On Friday 22 November, eight days before his twenty-third birthday, Norwegian chess player Magnus Carlsen became chess world champion. He defeated Viswanathan Anand, twenty years his senior and playing on his home turf in the city of Chennai in the south of India. The Norwegian won three and drew seven of the ten games.
As well as maintaining his status as world number one, Carlsen works part time as a model. His looks have been compared to superstars such as Justin Bieber and Welsh football wizard Gareth Bale, not exactly what you expect from a chess grandmaster
All in good time
Carlsen’s youth has landed him many accolades. He became the youngest player ever to be ranked world number one on 1 January 2010 at the age of 19 years and 32 days. At thirteen he became the second youngest grandmaster ever after Russian Gary Kasparov, and on Friday he became the second youngest world champion. It therefore comes as a surprise to learn that Carlsen has not loved chess all his life. His father’s first attempt to spark his interest in the game failed miserably. Carlsen was five at the time and already showing signs of a phenomenal memory and dynamic problem solving ability. But the ancient game was initially of no interest. Football and skiing were more his thing.

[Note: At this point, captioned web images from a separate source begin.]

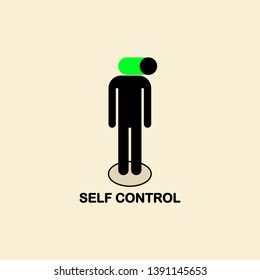 Boy icon. Male symbol isolated on white background. Self control. Psychology. Vector flat design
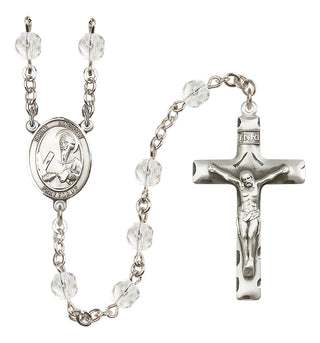 Silver-Plated 6mm Saint Andrew the Apostle  Engraved Catholic Rosaries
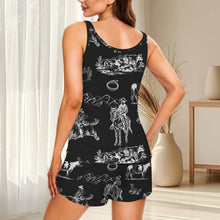 Load image into Gallery viewer, Baha Ranch Ranch Life Black Pajama Lounge Tank Shorts Set Made in America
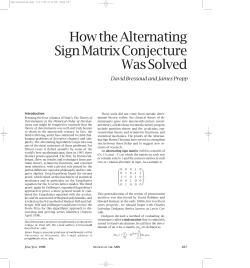 How the Alternating Sign Matrix Conjecture Was Solved, Volume 46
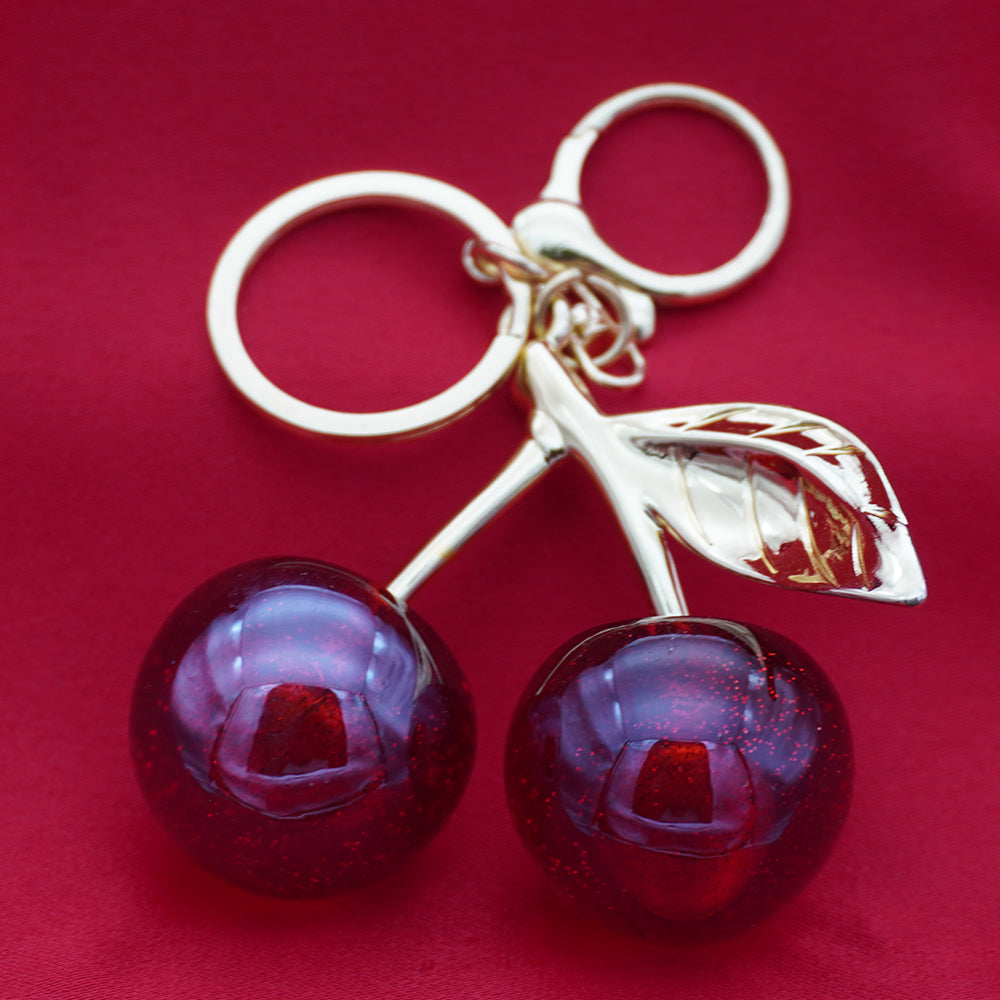 Cherry Charm Keyring - Deep Red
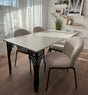 Set masa cu scaune bucatarie, dining, living, sufragerie, blat din pal alb cu picioare metalice, scaune husa plus alb, 4 persoane, Cristina - BUZ.RO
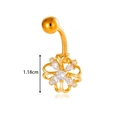 Golden flower navel ring with cubic zirconia crystals measuring 1.18cm in diameter - Golden Four-Leaf Clover (0199-6# Gold)
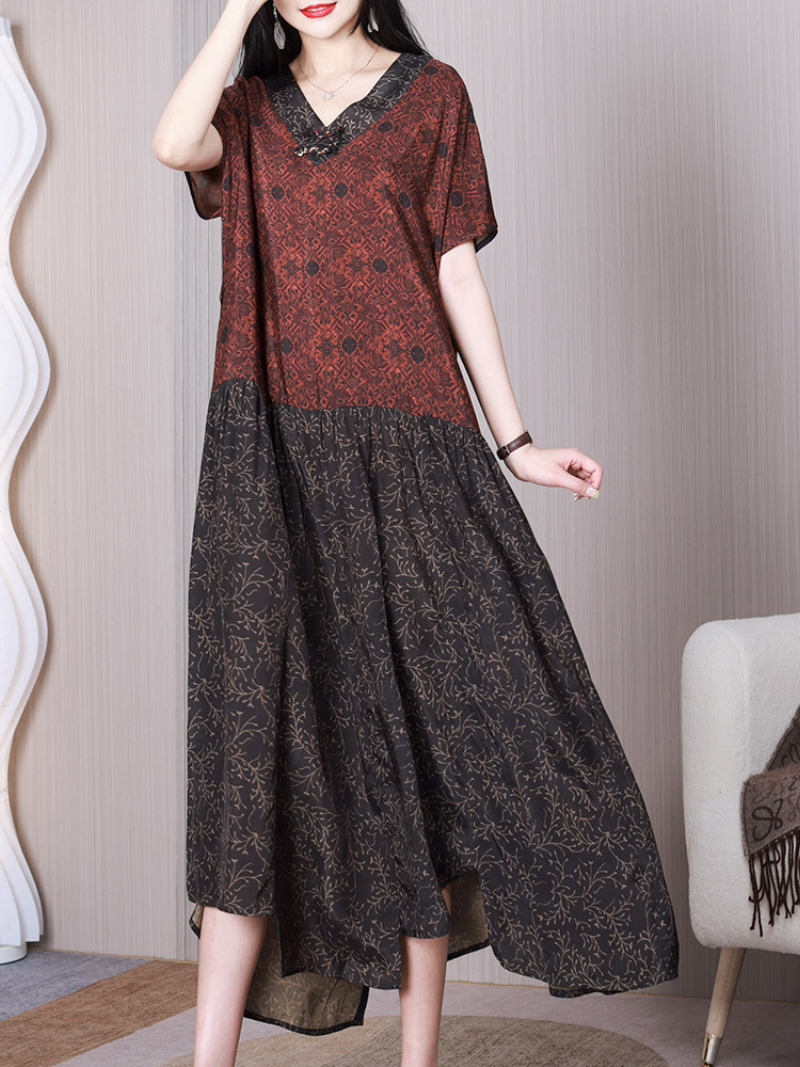 Red V-Neck Patchwork Floral Print Short Sleeve Pleated A-Line Maxi Dress 3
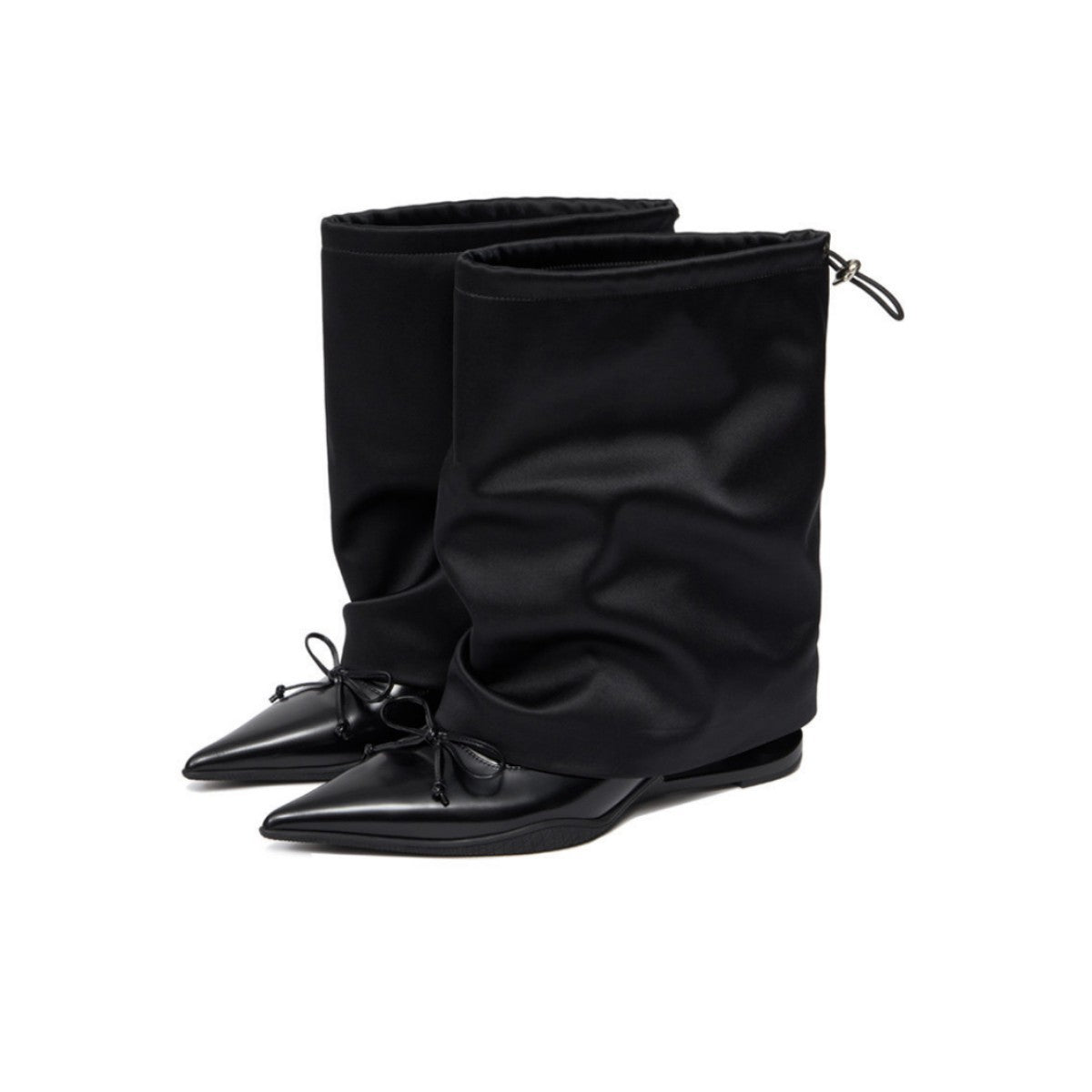Black Wedge-heeled High-heel Ankle Boots With Straps Slim-fit Boots In British Style For Women Lace-up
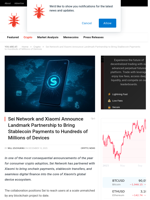Sei Network and Xiaomi Announce Landmark Partnership to Bring Stablecoin Payments to Hundreds of Millions of Devices - NullTX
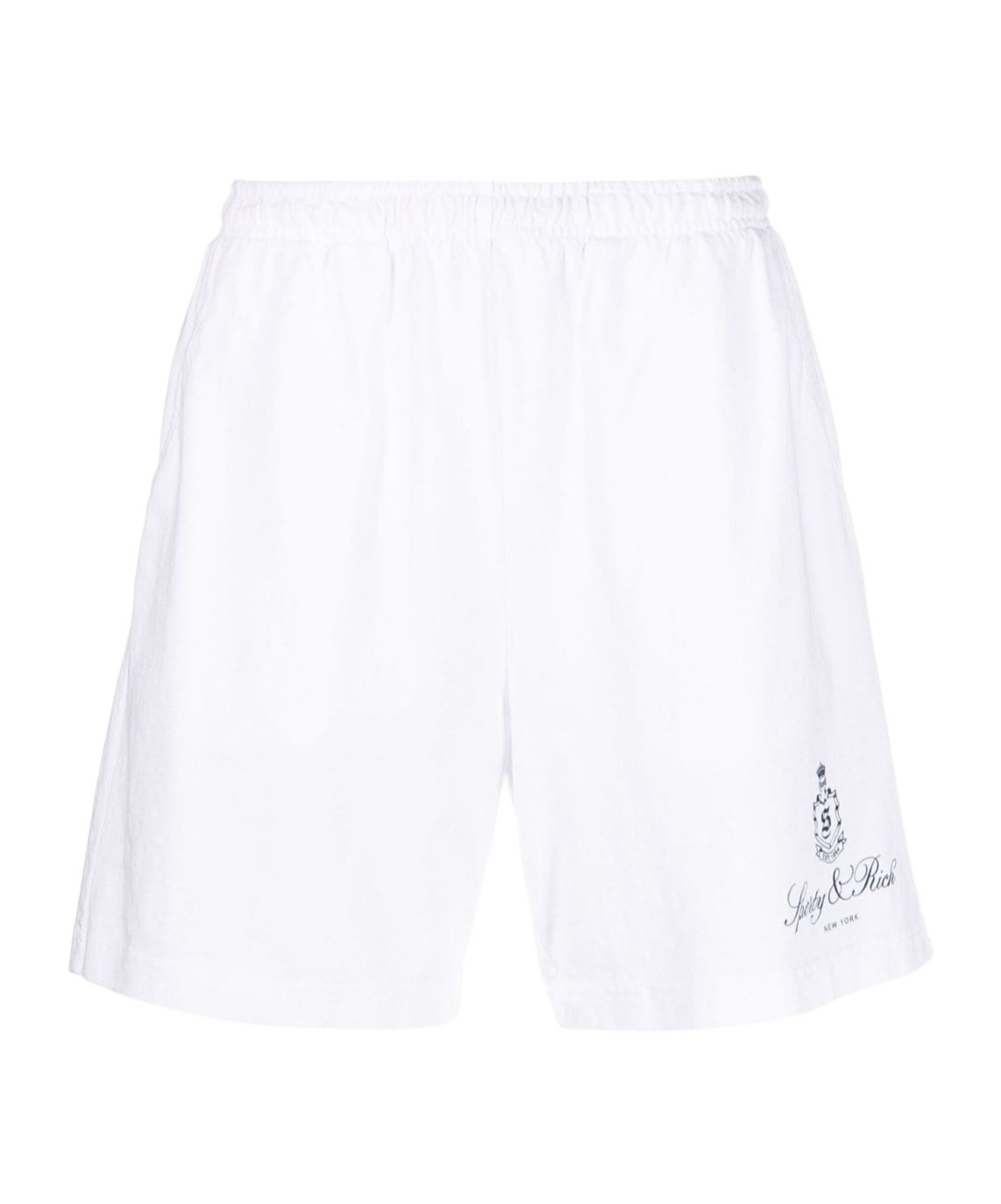 Shop Sporty And Rich Logo-print Track Shorts In White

It all changed three years later. Suddenly, little Magnus was enchanted by chess. His initial motivation was very basic – to beat his elder sister. Soon he was beating much older children and then adults. When he was thirteen, he became a grandmaster and forced chess legend Garry Kasparov into a speed chess stalemate.
Everybody knew a star had been born. Lubomír Kaválek, a Czech-American grandmaster, called him the Mozart of chess because his game was not only successful but also beautiful and imaginative. British grandmaster Nigel Short praised his harmonious, versatile style that he combines with a fierce will to win.
Many different players in one
Carlsen is considered one of the most creative chess players of all times. His style of play cannot be clearly defined. Defeated world champion Viswanathan Anand said that the young Norwegian can be many different players. Carlsen does not seem to pay too much attention to openings, so nobody knows what to expect from him in the early stages of the game.
Unlike many other players, Carlsen is not obsessed with strategic and tactical preparation or computer analysis. Intuition, imagination and improvisation make him unique and often unpredictable. Middlegame is where Carlsen is really strong, applying ‘strangling pressure’, according to his former tutor, Garry Kasparov.
Computers that analyse games in real time are frequently puzzled by his moves. They can calculate zillions of possible moves but they are incapable of seeing how unexpected, unusual moves make opponents nervous, confusing them as to whether the move was a blunder or an ingenious trap.
His ability to see things differently and make unusual moves is accompanied by his unique attitude. The way he approaches chess is quite paradoxical. As a child he did not understand why people were making so much fuss about his spectacular wins in simultaneous games. Later he claimed to be more troubled by losing at Monopoly than at chess.
On the other hand, he is known to be a fierce competitor who sees the game as a kind of war. In a CBS TV documentary he admitted he enjoys watching his opponents suffer as they gaze into the eyes of inevitable defeat. Although his face is rounded and boyish, the intensity of his eyes strike fear into the heart of his opponent across the table. His habit of strolling to neighbouring chessboards between moves to check see how other games are developing may be a feature of Carlsen’s psychological warfare.
Grandmaster, model... and movie star?
He even did it to Kasparov when he was only thirteen, claiming that he knew what move Kasparov would make next anyway so there was no point sitting at the desk. As a child, Carlsen used to play with a football while waiting for his opponents’ moves. This could be perceived as either arrogance or a sign of genius, depending on your perspective.
Of course, having a young superstar is a gift for any sport and an opportunity for marketers. Carlsen has already modelled for a Dutch designer clothing company and has been offered a role as a chess master from a faraway galaxy in Star Trek 2. He had to turn the role down because he was unable to secure a work permit in time.
Some chess lovers hope that Carlsen’s fame will make chess popular among young people again. A centuries old game may appear obsolete in the age of sophisticated computer games, but more than 600 million people play it worldwide. Europe is a chess stronghold. It is taught at schools in several countries. Between 2010 and 2012 in the UK, for example, chess was reintroduced into 175 primary schools.
Chess is already compulsory in primary schools in Armenia. In September 2013, a subject called skill-building chess, developed by one of the greatest female players of all time, Judit Polgár, was introduced in schools in Hungary.
Youngsters like to emulate the rich and famous, even when they move black and white pieces on a wooden board. Magnus Carlsen could prove to be a breath of fresh air for the world of chess. Having appeared on the front page of GQ magazine and with his great sense of humour, it seems that Carlsen can offer the chess world a lot more than his prodigious talent alone. Perhaps he can fulfil that elusive challenge of making chess cool.